Bill Belichick's decision to take his first college coaching job at age 73 is one of college football's biggest offseason storylines. Given the makeup of his staff, plenty have assumed that a Belichick will be coaching the Tar Heels for the forseeable future, even after Bill ultimately departs, whether through retirement or a return to the NFL.

Steve Belichick, who beat his father to the college ranks by a year after serving as defensive coordinator at Washington in 2024, will hold the same position for his father this fall. The younger Belichick previously worked under his father in a variety of defensive roles with the New England Patriots, and will now lead his first college defense, and will make $1.3 million this fall according to WRAL. However, the full terms of his contract are not yet known and, according to the Ovies & Giglio podcast, FOIA requests for the deal have been denied, spurning rumors that it could be because of "coach in waiting" language.

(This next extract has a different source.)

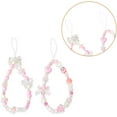 thumbnail image 3 of Y2k Phone Charm for Case Pink Beaded Keychain for Women Car Keys Butterfly Accessories for Purse Bag Charms for Backpacks Aesthetic Keychains for Her Cute Bow Cell Phone Decorations for Case 2Pcs, 3 of 7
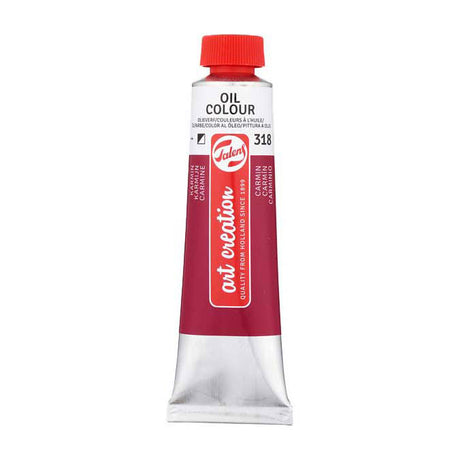 Talens art creation oliemaling tube 40ml carmine 318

After a lawyer checked in on behalf of Ovies & Giglio on why Stephen Belichick's contract has not yet been made available, he was told that it is because athletic director Bubba Cunningham has not yet signed it. Joe Giglio said then reached out directly to Cunningham about the issue, who responded that he would "check on that." He then addressed the "coach in waiting" rumors directly, saying that a clause to that end is "not something that is in his contract" and "that is not something we've even discussed."

"Given our relationship with Bubba, I have no reason to think why he would lie to us," he added.

Now, as is said in the clip by Matt Brown of Extra Points, there doesn't have to necessarily be a written agreement. The two sides could have a handshake deal, and Cunningham could have misled Giglio, though it would be a bad look to so blatantly lie.

Of course, if the Tar Heels defense excels and the Tar Heels choose to promote Steve once his father leaves the job, we may never know whether there was a true arrangement, if the UNC brass only decided through the process of finding their next coach that he was the right guy or if there was some sort of informal agreement that he would get an opportunity at the job if things broke right.

Both he and his father have plenty of work to do on the gridiron in 2025 to set the stage for that sort of handoff, no matter what the truth is.